Italy is ready to take on major new building projects including a bridge linking Sicily to the mainland which could create 100,000 jobs in the region, premier Matteo Renzi said Tuesday
"It could create jobs - 100,000 jobs...take Calabria out of isolation and bring Sicily nearer...it's a positive challenge," Renzi said at a ceremony marking 110 years of the Italian industrial group Salini Impregilo.
"If your paperwork is order and you are ready to re-start something that has been at a standstill for ten years, we're ready to go," Renzi said.

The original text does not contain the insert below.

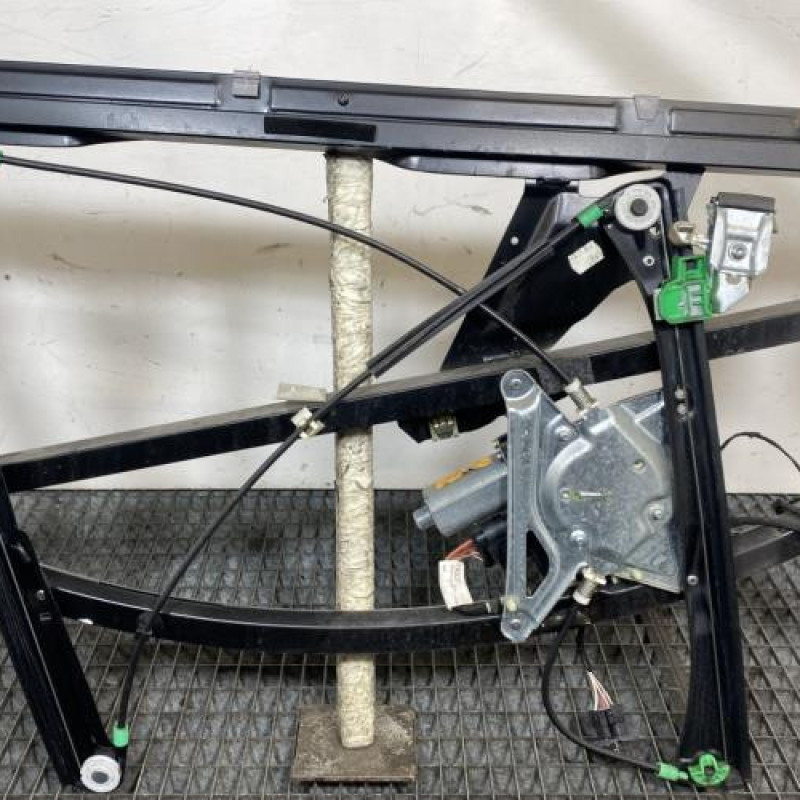Leve vitre electrique avant droit AUDI A4 1 Photo n°2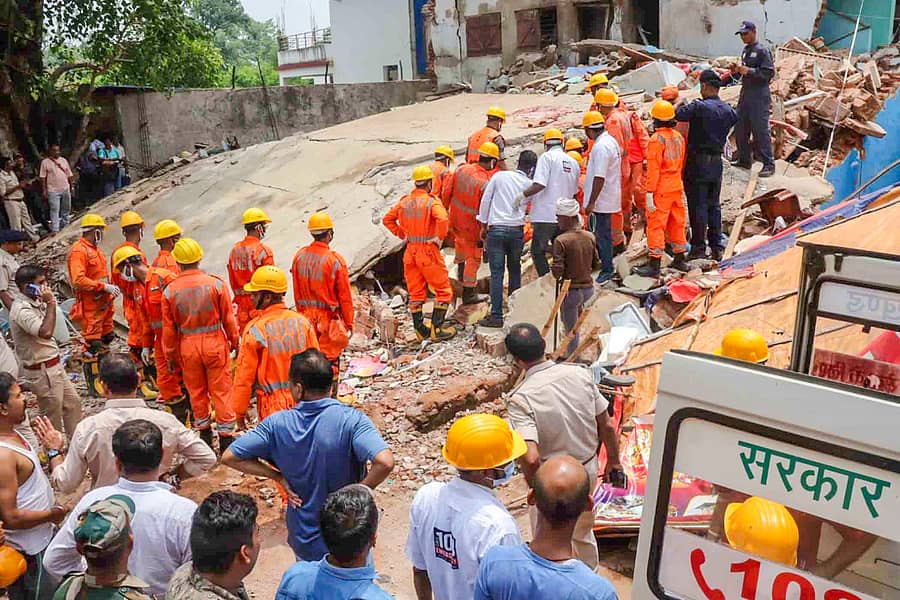 <div class="paragraphs"><p>ಜಾರ್ಖಂಡ್ನ ದೇವಘರ್ನಲ್ಲಿ ಭಾನುವಾರ ಕುಸಿದುಬಿದ್ದ ಕಟ್ಟಡದ ಅವಶೇಷಗಳನ್ನು ರಕ್ಷಣಾ ಸಿಬ್ಬಂದಿ ತೆರವುಗೊಳಿಸಿದರು </p></div>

Salini Impregilo heads a consortium intended to build the controversial bridge across the Straits of Messina which was first proposed more than two decades ago by former prime minister Silvio Berlusconi.
Should the bridge be built it would be the world's largest suspension bridge.

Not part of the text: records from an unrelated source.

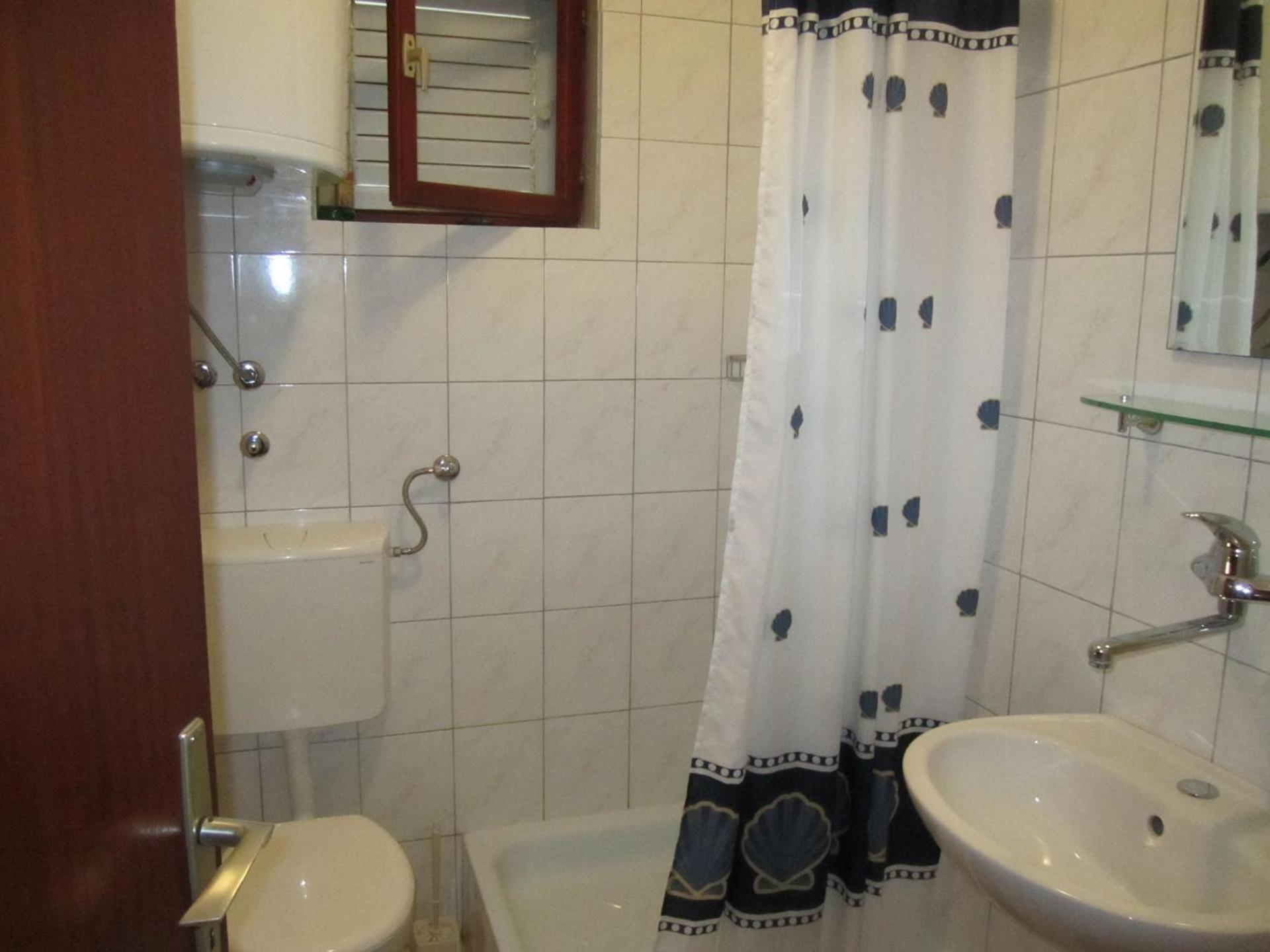 Apartments Deni - 30 M From Sea Винишче Экстерьер фото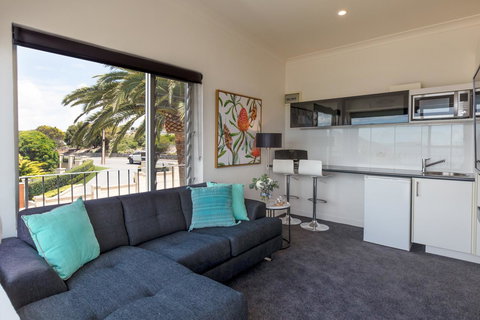 Bay 10 - Suites And Apartments - Accommodation Mount Tamborine 6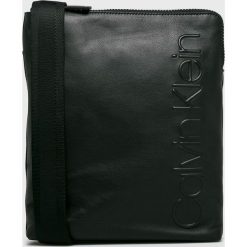 Calvin Klein - Saszetka skórzana. Czarne torby męskie skórzane Calvin Klein, w paski, ze skóry, casualowe, na ramię, małe. W wyprzedaży za 399,90 zł.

Detailed plans for the nine billion euro bridge have existed since the early 1990s but have been abandoned by successive governments.
Supporters say the bridge would boost to Italy's economically underdeveloped south, which suffers from higher-than-average unemployment.
Opponents of the project highlight the dangers of corruption, mafia infiltration of building tenders, Italy's poor record in completing large-scale building projects and the high risk of earthquakes in the region.
Italy's former infrastructure minister Maurizio Lupi said on Tuesday he would ask party whips in the parliament to table a debate "within the next three months" on a bill on the Messina Bridge project.
Lupi's centre-right Area Popolare party is a junior partner in Renzi's centre-left-centre-right government.